[lbo-talk] The "NAFTA Superhighway" Urban Myth

Anthony Kennerson anthonyk6319 at gmail.com
Tue Nov 6 15:56:03 PST 2007


Being as much a highway/transportation geek as I am a sex-pos Leftist (and being in the state across the Sabine River from where the Trans-Texas Corridor is proposed to run), I have a take or two about all this "NAFTA Superhighway" deal.

First off: the TTC is NOT neccessarily an international or even a national proposal, it is the brain(less)child of Texas Governor Bill "Goodhair" Perry and his grafters at the Texas Highway Commission who would prefer that all major controlled access highway infrastructure be sold off to private interests or converted to toll roads because raising the gasoline tax and other means to fund public infrastructure is nothing short of Godless Communism.

Secondly...the proposed TTC isn't just a highway project; it also involves dedicated truck lanes, dedicated rail lines for high-speed commuter and heavy freight as well as for local light-rail; and right-of-way for fiber-optic and other "high-tech" pipelines...all within a 1,000' wide corridor.
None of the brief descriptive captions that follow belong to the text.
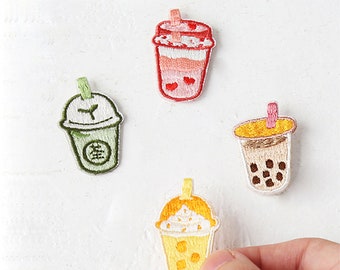 Bubble Tea Embroidered Patches Beverage Sticker Self Adhesive Applique Shoes Backpack Decorative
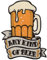 Bierkrug mit Stein bestickter Aufnäher, Retro-a-go-go, zum Aufbügeln, Größe XL, 11,4 cm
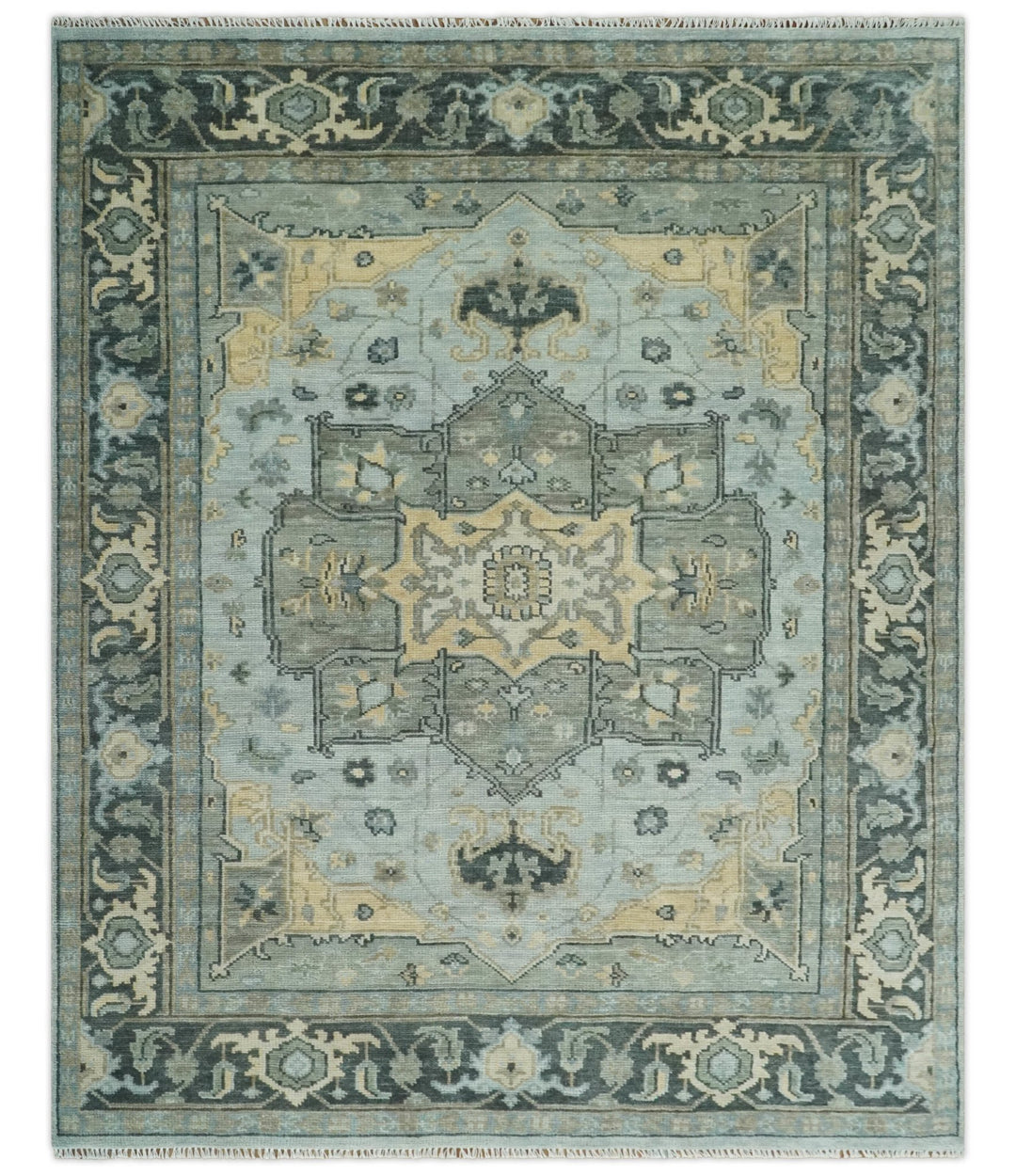 Beige, Gray and Charcoal Hand Knotted Antique 5x8, 6x9, 8x10, 9x12, 10x14 and 12x15 Traditional Heriz Serapi Wool Rug | TRDCP994810 - The Rug Decor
The first phases of the TTC which have generated the most controversy are: (1) the proposed TTC-35 corridor which would generally parallel and run just east of the existing Interstate 35 corridor from San Antonio to suburban Dallas, then run south and east of SA to the Mexican border at Harlingen/Brownsville; and (2) TTC-69, which would serve as Texas's contribution to the prooposed extension of Interstate 69 from Indianapolis down through southwest Indiana (Evansville, Bloomington), western Kentucky, western Tennessee (Memphis), Mississippi (Tunica, Greenville), Arkansas, and northwest Louisiana (near Shreveport) down through East and southeast Texas (Lufkin, Houston, Laredo; with a spur route going towards Texarkana). Ultimately, the plans were to develop other main corridors throughout Texas (including I-10 from San Antonio through Houston and Beaumont).

Now, there are perfectly legitimate and worthwhile reasons to oppose the TTC from a progressive's point of view: eats up entirely too much farmland and human resources; privatizes a major public transportation resource and puts it in the hands of foreign companies with no responsibility to the people who will have to pay the tolls and use the highway; the "no-compete" clauses that eschew any needed improvements to "free" public roads located nearby; and above all, the fact most of the congestion can be resolved through a combinatioin of improving and widening existing freeways (such as I-35), or upgrading existing highways to Interstate standards (like US 59) and using public transportation to fill in the rest of the gap for a fraction of the price of the TTC.

Scaring the people about Meskins crossing the border by the truckloads and gripping about shady Illuminati-led organizations taking over our government, though, is a far cry from being legitimate at all; and those who are pushing that nonsense are probably the usual right-wing isolationists and racist xenophobes giving updated lyrics to the same old tired hymnal. Any progressive and radical worth his salt who attempts to ape the likes of Ron Paul on this issue will be deserving of contempt.

Besides, along with existing I-35, we will already have a literal international corridor when Interstate 49 is ultimately expanded as proposed from New Orleans to Kansas City. Last time I checked, even our local right-wing isolationists here in Louisiana aren't even raising a peep about that proposed "Superhighway".....but then again, it's being built as a free road, not a private tollway.